[Crawled caption data]
:::

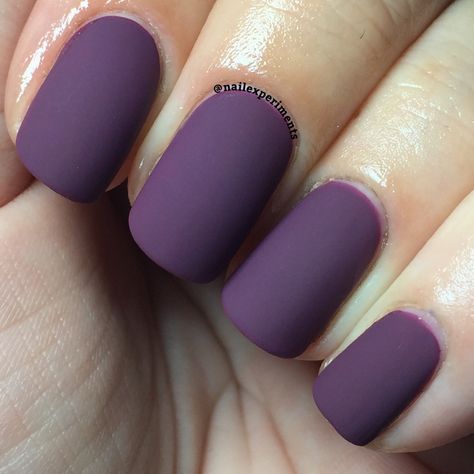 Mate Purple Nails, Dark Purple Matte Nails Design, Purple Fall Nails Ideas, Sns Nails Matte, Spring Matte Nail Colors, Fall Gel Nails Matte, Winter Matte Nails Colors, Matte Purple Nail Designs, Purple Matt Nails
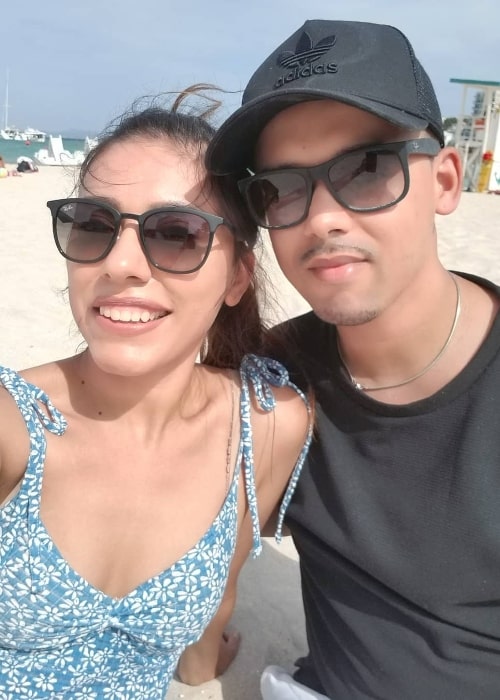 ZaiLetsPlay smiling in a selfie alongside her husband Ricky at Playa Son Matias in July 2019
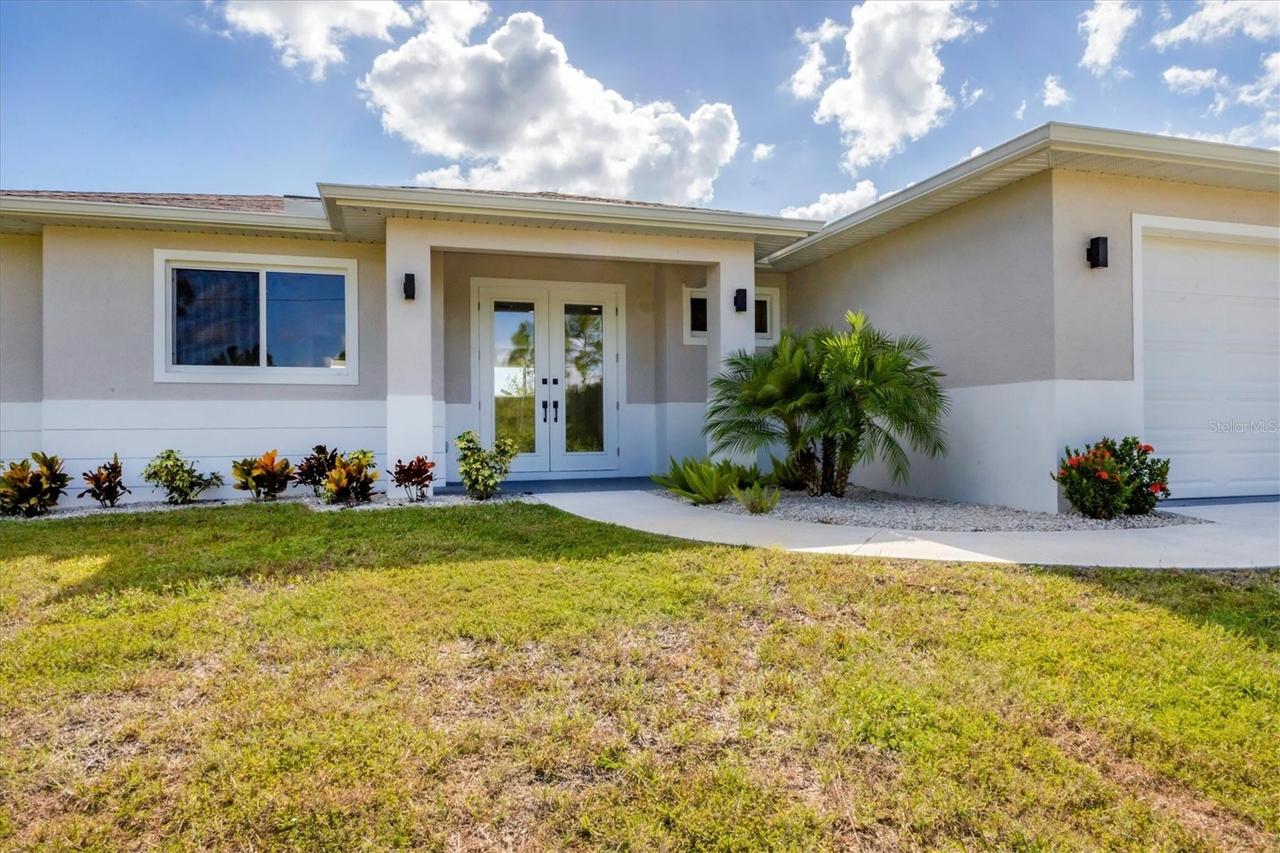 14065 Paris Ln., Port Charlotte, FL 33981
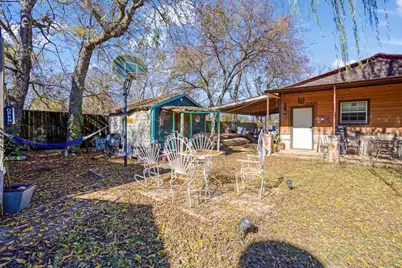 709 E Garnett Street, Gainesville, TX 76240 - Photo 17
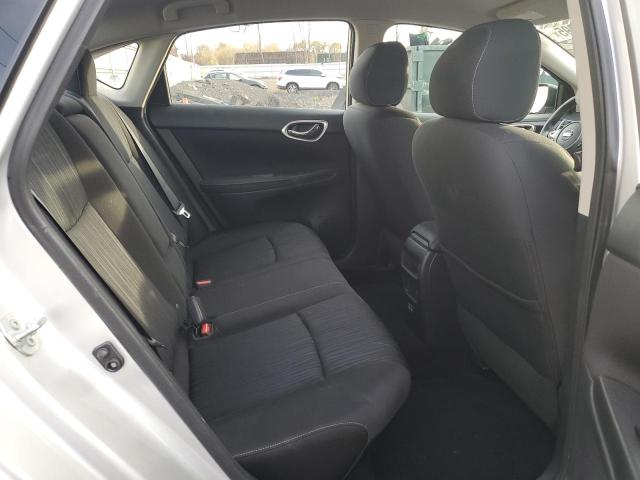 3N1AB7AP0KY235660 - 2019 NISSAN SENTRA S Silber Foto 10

:::

(Task):
The answer must be the lines above from the line that contains "ZaiLetsPlay smiling in" to the final line of the data, word for word, with no pictures.

(Output for this task):
 ZaiLetsPlay smiling in a selfie alongside her husband Ricky at Playa Son Matias in July 2019
 14065 Paris Ln., Port Charlotte, FL 33981
 709 E Garnett Street, Gainesville, TX 76240 - Photo 17
 3N1AB7AP0KY235660 - 2019 NISSAN SENTRA S Silber Foto 10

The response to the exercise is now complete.